Du wähnst dich nicht im Westen Chinas, fernab von Schanghai und Peking. Du glaubst, das ist New York. In den vergangenen zehn Jahren entstand auf der Halbinsel zwischen den Flüssen Jangtse und Jialing ein chinesisches Manhattan, Kristallnadeln spicken sie, gegenseitig suchen sie sich an Höhe zu übertrumpfen, nachts verschmelzen sie zu einem horizontlosen Meer aus Neon. Du bist in Chongqing, der mit 32 Millionen Einwohnern nominell größten Stadt der Welt, ein Stadtbezirk so groß wie Österreich. Die Stadt wächst so schnell wie keine andere auf der Welt. Wer das neue China fühlen will, hält sich nicht lange mit Peking auf. Peking ist das Heute, Chongqing das Morgen.

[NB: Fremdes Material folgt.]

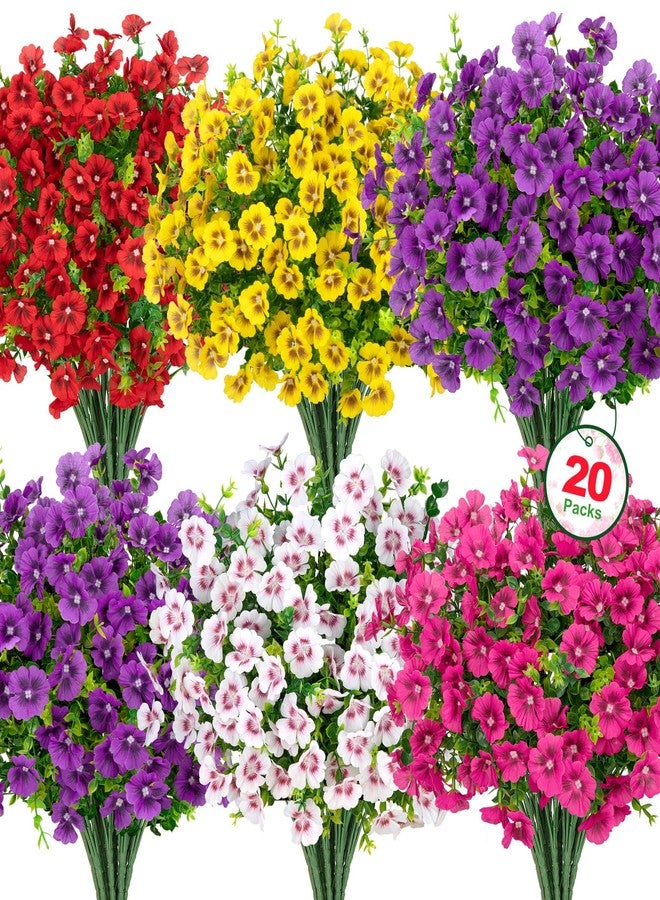 Roberly 20 Bundles Artificial Flowers for Outdoors, Fake Silk Flowers with Plastic Eucalyptus Greenery Stems Realistic Faux Plants for Spring Summer Porch Patio Yard Garden Home Decor, Mixed Color - Image 1
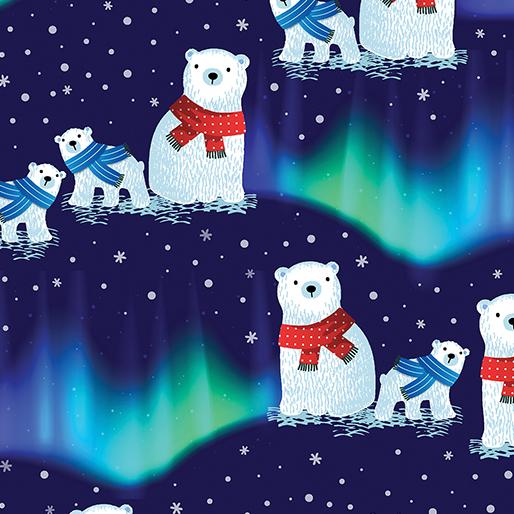 Benartex Fabrics Arctic Friends Northern Lights Navy 1453857B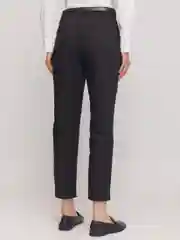 Черный женские брюки силуэта Slim с ремнём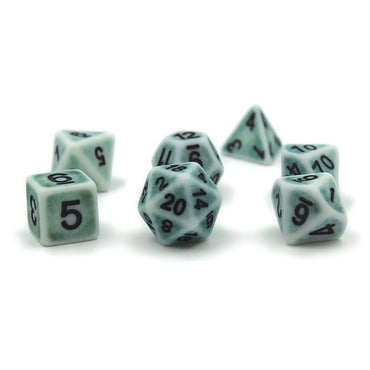 White Set of 7 Ancient V2 Polyhedral Dice with White Numbers for D20 based RPG's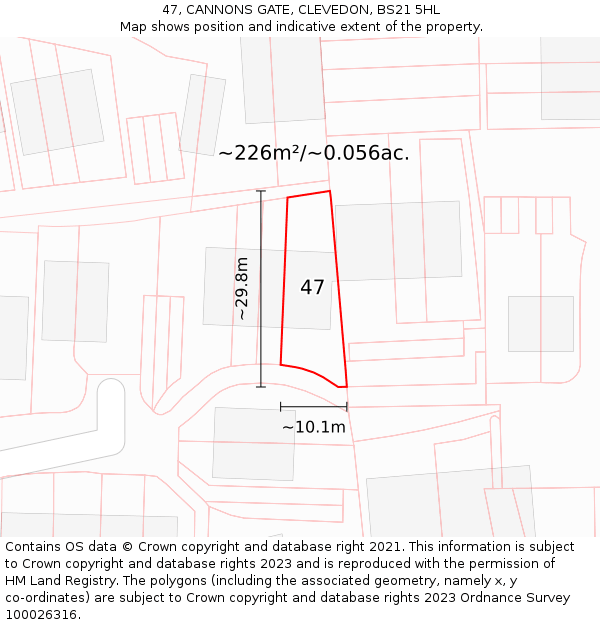 47, CANNONS GATE, CLEVEDON, BS21 5HL: Plot and title map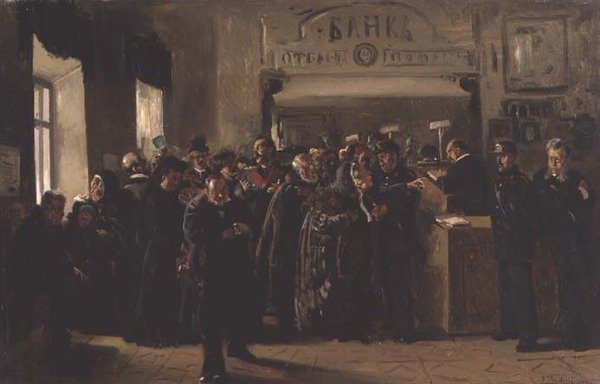 Bankrott, 1880 von Vladimir Egorovic Makovsky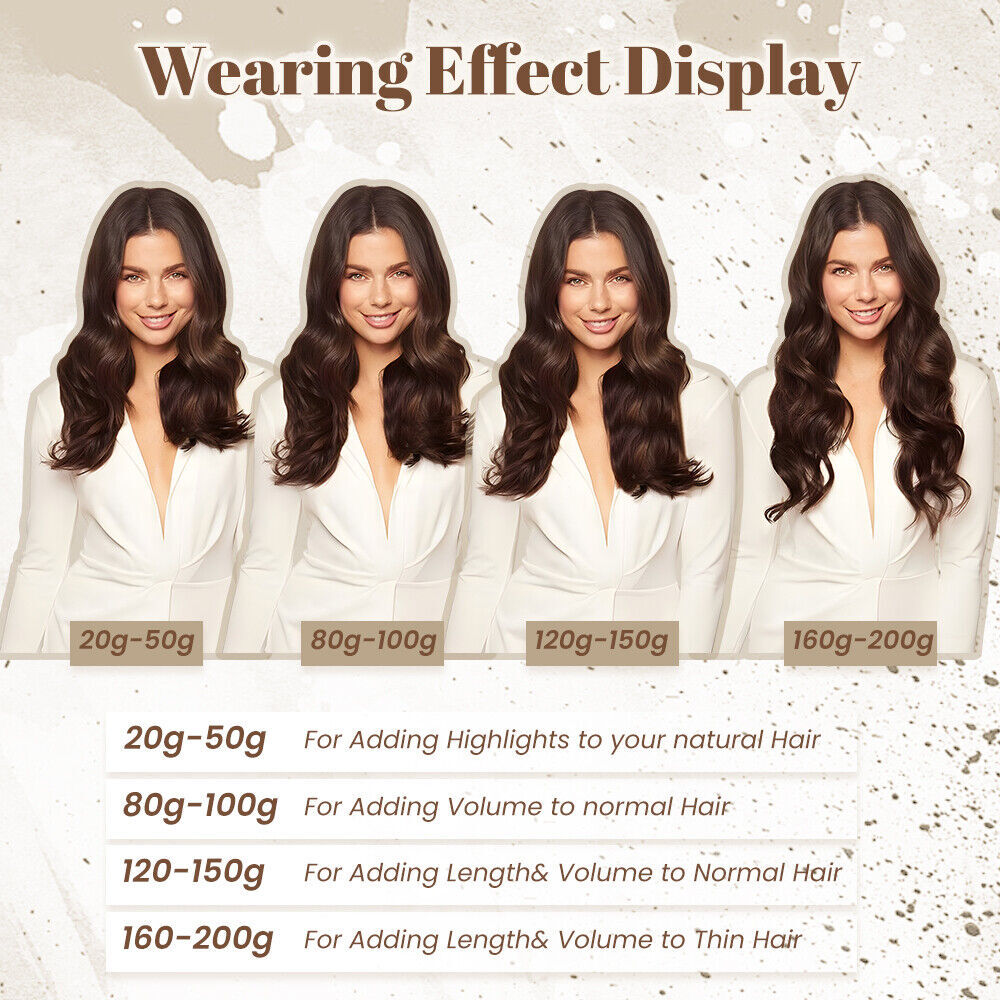 Russian Tape in Remy Hair Extensions Full Head - 100% Human Hair Skin Weft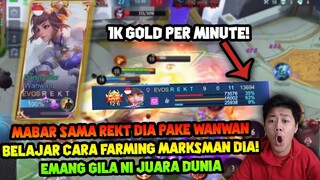 MAIN BARENG REKT JUARA DUNIA PAKE WANWAN! FARMING 1K GOLD PER MENIT EMANG GILA ! - Mobile Legends
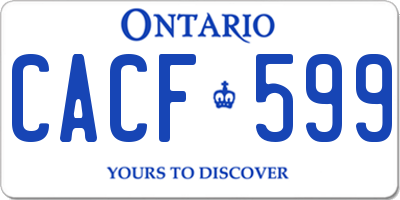 ON license plate CACF599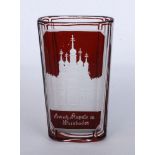 A GLASS circa 1900 Cut, ruby glass with etched view of the Greek Orthodox church in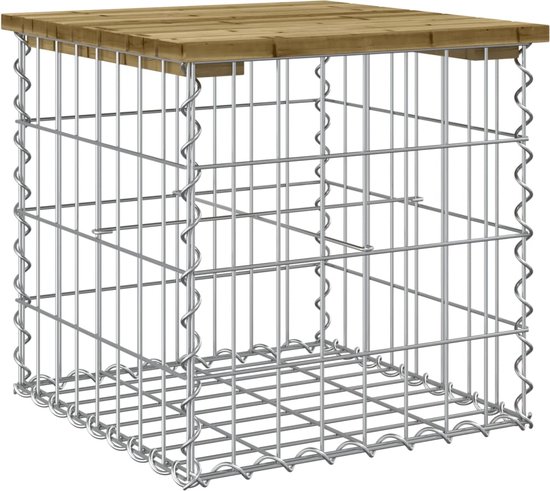 Banc de jardin Gabion - Bois de pin - vidaXL cm Banc de jardin - Banc en bois - Banc compact - Banc d'extérieur - Banc de patio - Banc de balcon - Petit banc de jardin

Rasant wachsende Metropole
Fast unbemerkt von der Welt hat sich seit 1997 weit in Chinas Innerem eine Metropolis der Superlative entwickelt. Das Bruttoinlandsprodukt von Chongqing stieg im vergangenen Jahr um 15,3 Prozent, vier Prozent mehr als in Restchina. Jeden Tag werden in Chongqing 137 000 Quadratmeter Gebäudefläche gebaut. Jeden Monat verfügt der Bürgermeister für öffentliche Infrastruktur über ein Budget von einer Milliarde Dollar. Jedes Jahr wandern eine halbe Million Menschen nach Chongqing und die Stadt wächst um die Größe Dresdens. Chongqing wird direkt von Peking verwaltet. Mit aller Kraft will die kommunistische Führung den Wirtschaftsboom ins Landesinnere zwingen. Sie weiß, dass ihr Überleben langfristig davon abhängt, ob sie eine Spaltung zwischen reicher Küste und armem Binnenland verhindern kann. Bauen gegen den Untergang. „Wenn Chongqing gelingt“, sagt ein deutscher Diplomat, „dann gelingt ganz China.“
Ich besuche auf dieser Reise in Chongqing den Außenposten von BMW, der Zweiradmotoren hier fertigen lässt. Wir lassen uns von ehrgeizigen Immobilienmanagern am Wochenende zum Fischen einladen – eines der neuen Hobbys der Reichen. Schlotternd, im Regen, stehe ich am künstlich angelegten Teich und warte darauf, dass Fische anbeißen. Überall um uns herum stehen Unternehmer in Anzug und Krawatte, ihre Frauen halten Regenschirme über sie. Auch in Chongqing bleibt mir die Passion fürs Angeln fremd. Bei Streifzügen durchs aufblühende Nachtleben geraten wir in einen Gayclub und stoßen auf einen Immobilienmakler. Noch vor zehn Jahren wären solche Bars undenkbar gewesen. Immer wieder legt er seine Hand auf mein Knie, als ich sie zurückschiebe, legt er sie unverdrossen aufs Knie des Fotografen. Interviews in Chongqing können anstrengend sein.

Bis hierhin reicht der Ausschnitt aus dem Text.